Teresa’s art show drew about 75 guests. It was a diverse mix of people from the disability sector, environmental groups, health, education, arts, music, as well as politicians and staff from the municipal, provincial and federal governments, who came out to support Teresa.
Teresa was honoured to have her Member of Parliament, Jenny Kwan come to her art show.
Teresa showed her poem Eyes of the Tiger to Jenny Kwan.
Visitors commented on the exuberance of Teresa’s art. Some guests remarked that Teresa’s poem ‘More Mayonnaise’ spoke directly to them.

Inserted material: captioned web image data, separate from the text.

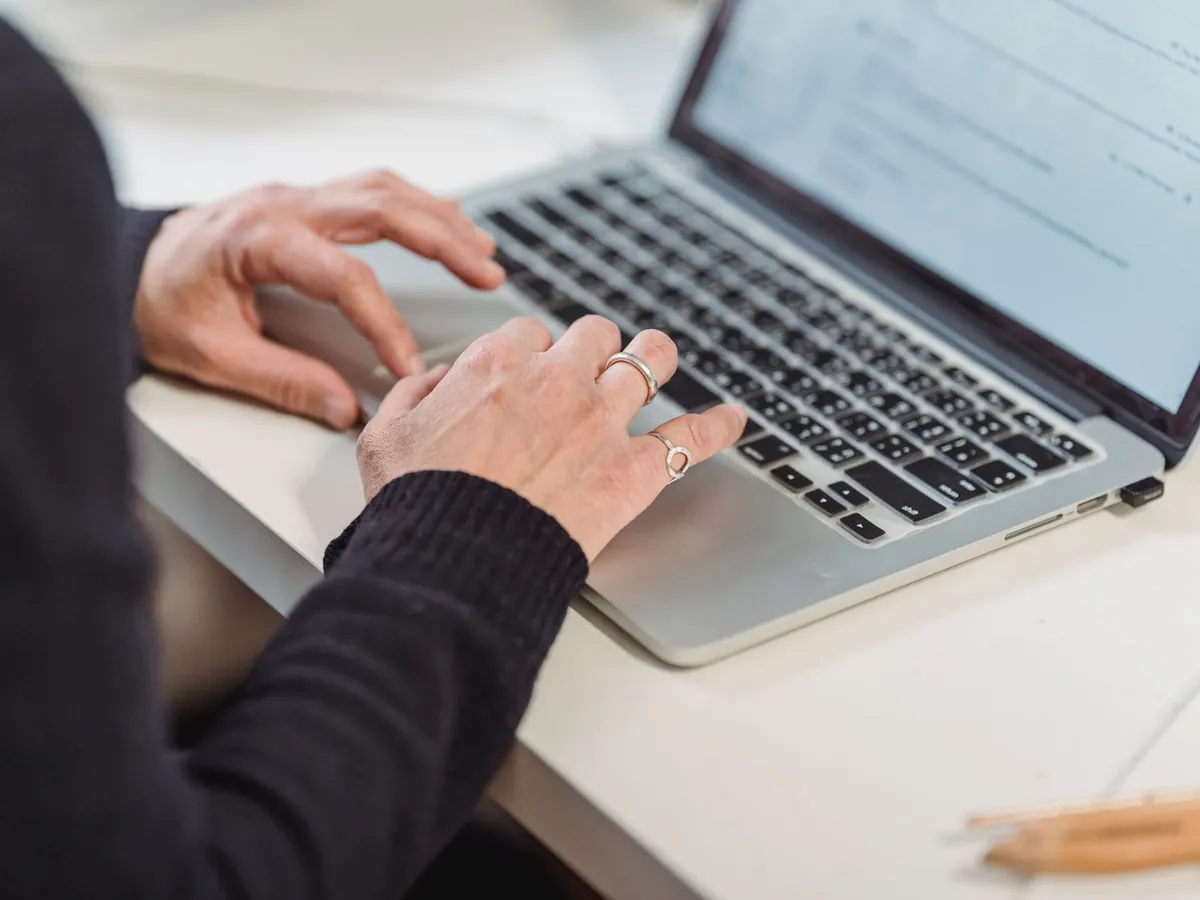 Gros plan de mains tapant sur le clavier d'un ordinateur portable dans un bureau à domicile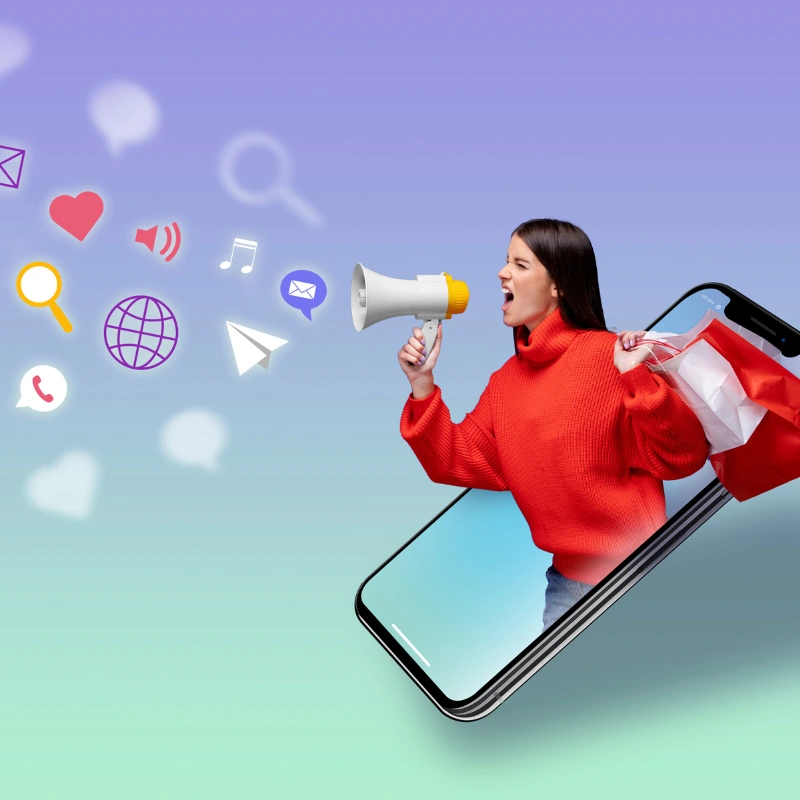 a women popping out of a mobile screen with handheld megaphone at google ads expert in calicut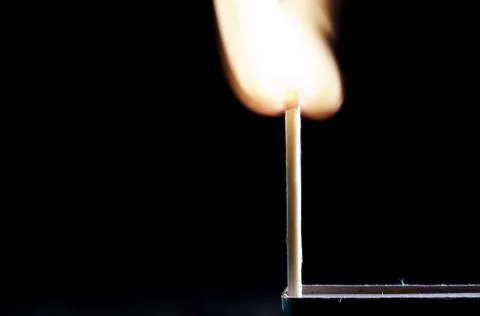 Matches on a dark background Stock Photos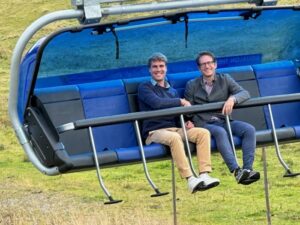 Zwei Männer sitzen in einer Seilbahn und lächeln.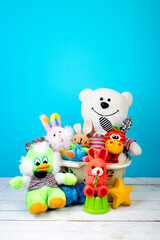 Collection of colorful toys on a blue concrete background. Kids toys.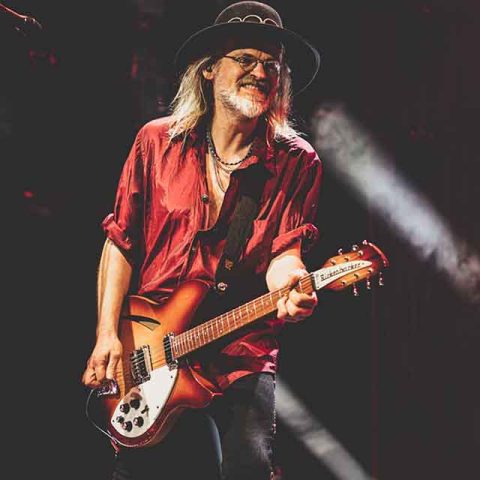 A musician with long hair, sunglasses, and a black hat plays an electric guitar on stage. Reminiscent of Roxette band members, he wears a red shirt and smiles under vibrant stage lights in a lively concert setting.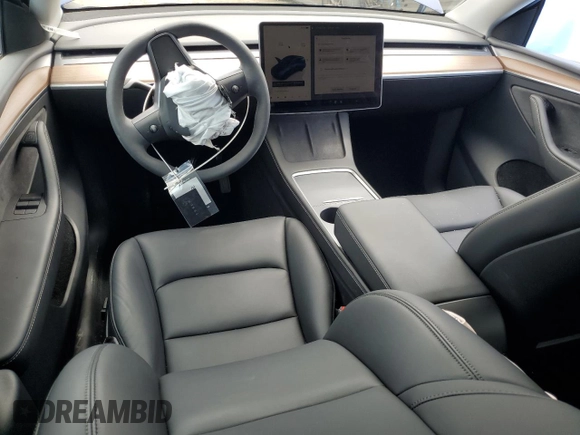 2024 Tesla Model Y Long Range with VIN 7SAYGDEE0RF176672, listed as a Copart auction lot 55622355 with 6,728 mi miles and Salvage title. Bid and sale history available at DreamBid. Image 8.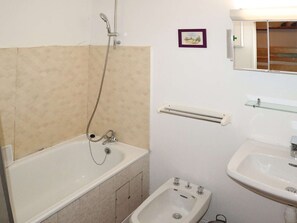 A bathroom with a bathtub, a small sink, and a bidet.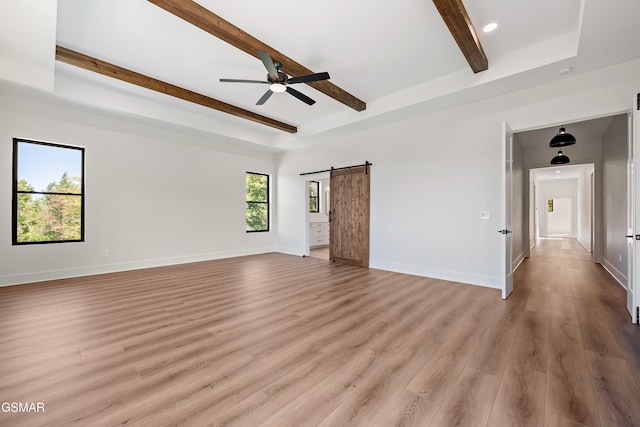 spare room featuring a tray ceiling, a barn door, ceiling fan, and light hardwood / wood-style flooring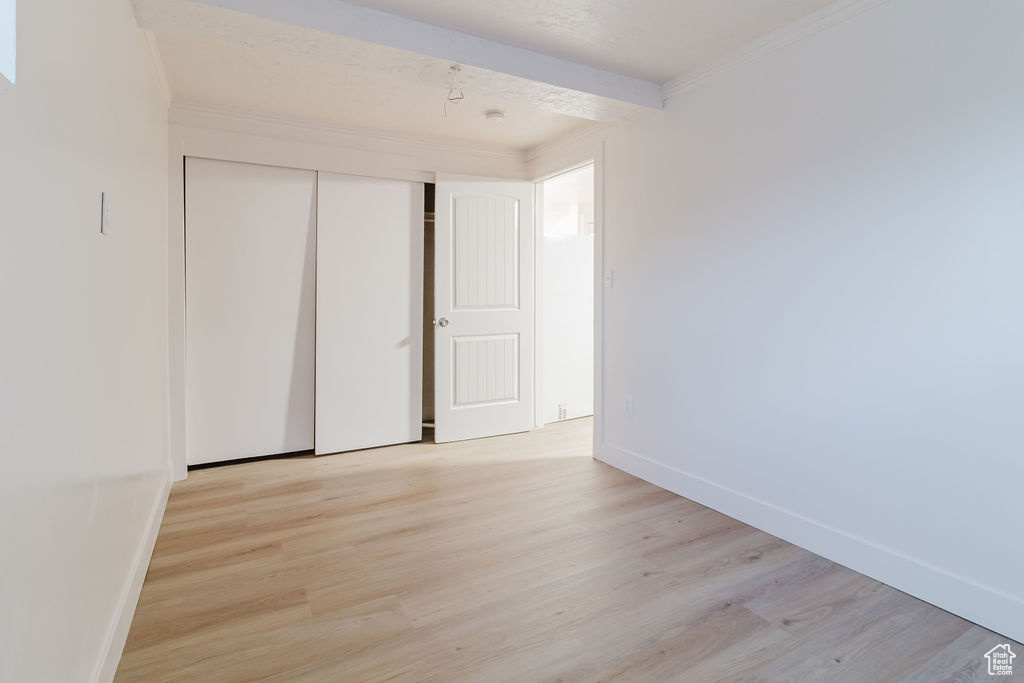 Unfurnished bedroom featuring light wood-style flooring, baseboards, a closet, and ornamental molding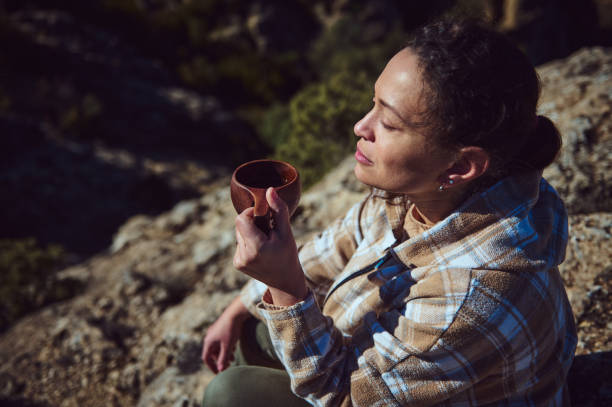 Woman enjoying outdoor serenity while drinking a warm beverage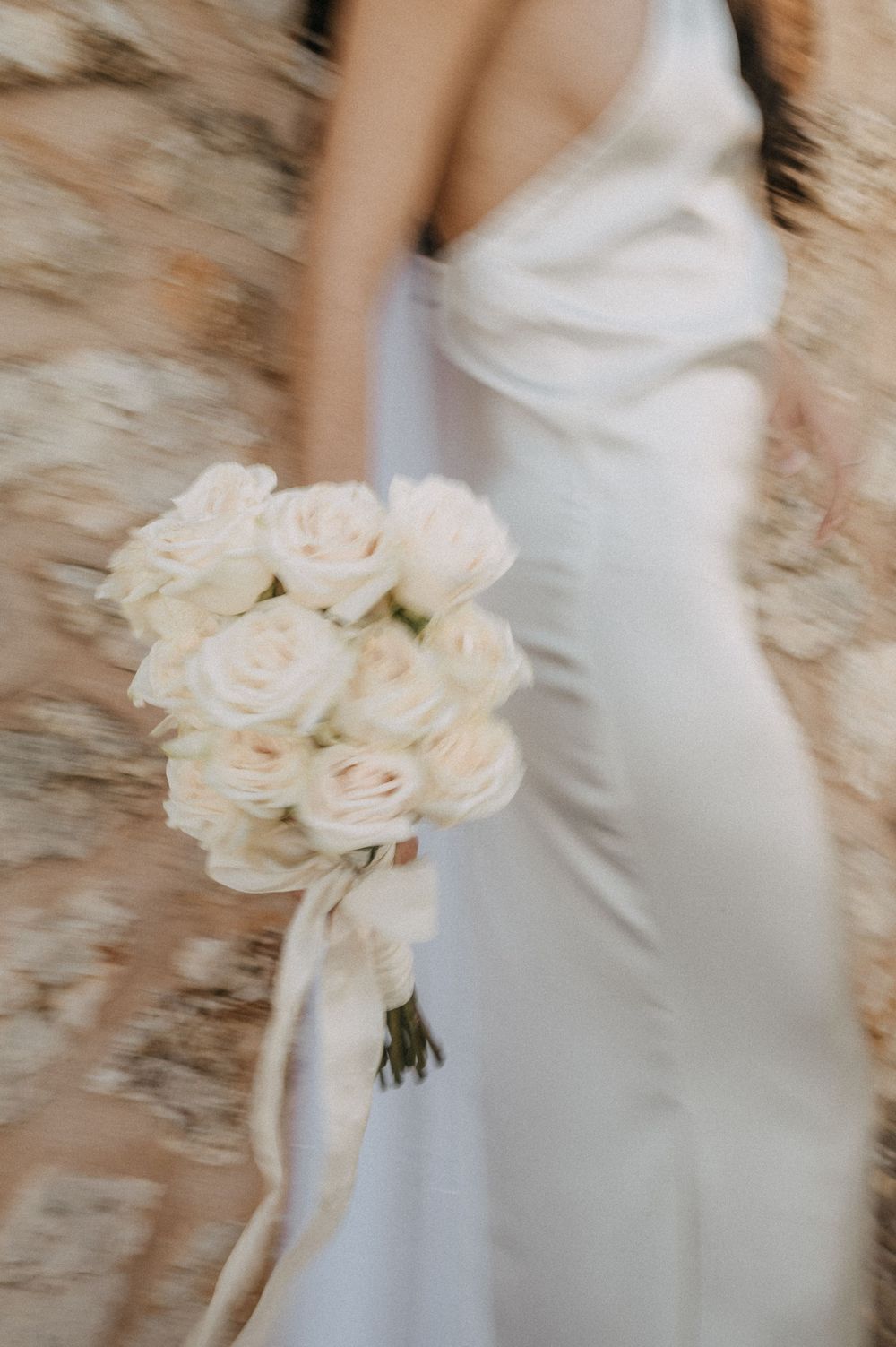 Elegant white roses bouquet with flowing wedding dress in motion.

Visitors remarked on the courage and resiliency which Teresa demonstrates through her art and poetry.
Vistors watched Teresa’s “Human Rights Should Be For Everybody” video. The video was part of her Change.org campaign in 2014. Teresa’s art and social media campaign earned an apology from the Ontario government. “I love my human rights”, Teresa said. “Don’t take them away just because I have Down syndrome.”
Visitors pose for pictures in front of Teresa’s artwork.
Visitors posed with copies of Teresa’s books in front of Teresa’s artwork.
I posed with Teresa in front of her artwork. (I had wondered whether my dress was too colorful, but the two of us just complimented Teresa’s art!)
Visitors captured Teresa’s artwork on their smartphones.
Teresa’s art show was a magnet for inclusion. It brought together people from many different social sectors and all levels of government.
Teresa was delighted to receive roses from Laurel, an inclusion support teacher in BC — and one of Teresa’s “fans”.
Teresa was congratulated by Rosh, a friend, and fellow self-advocate, artist and author.
Teresa was thrilled to receive a bouquet of flowers to celebrate her art opening.
Everyone wanted to shake Teresa’s hand.
Disability consultant and researcher Aaron Johannes from “Imagine a Circle” congratulated Teresa on her show.
Friends from the disability support community shook Teresa’s hand and congratulated her on her art show.
Everyone wanted to shake Teresa’s hand. She was so pleased!
More friends congratulated Teresa on her show.
Even I got to shake Teresa’s hand to officially congratulate her on her milestone achievement!
And I gave the Artist a big hug, too!
DTES artist Edzy came out to support Teresa and her art show.
Artists Rosh and Teresa were in deep conversation.
People lined up to have Teresa sign copies of her “Totally Amazing” and “Pretty Amazing” books.
Teresa inspired everyone to get up and do the chicken dance.
Billiam James joined in the fun chicken dance.
Friends Laurel, Bob, and Rosh smiled in front of Teresa’s artwork.
Liz, Barb, and Franke remarked that their patterned dresses match Teresa’s colourful patterned artwork very well.
“Teresa, her sister Franke James and brother-in-law Billiam James demonstrate the power of relationships and family leadership in everything that they do.” says Rebecca Pauls, “Without the loving, natural care and advocacy of family, friends and supportive organizations, Teresa’s life would not be what it is today.”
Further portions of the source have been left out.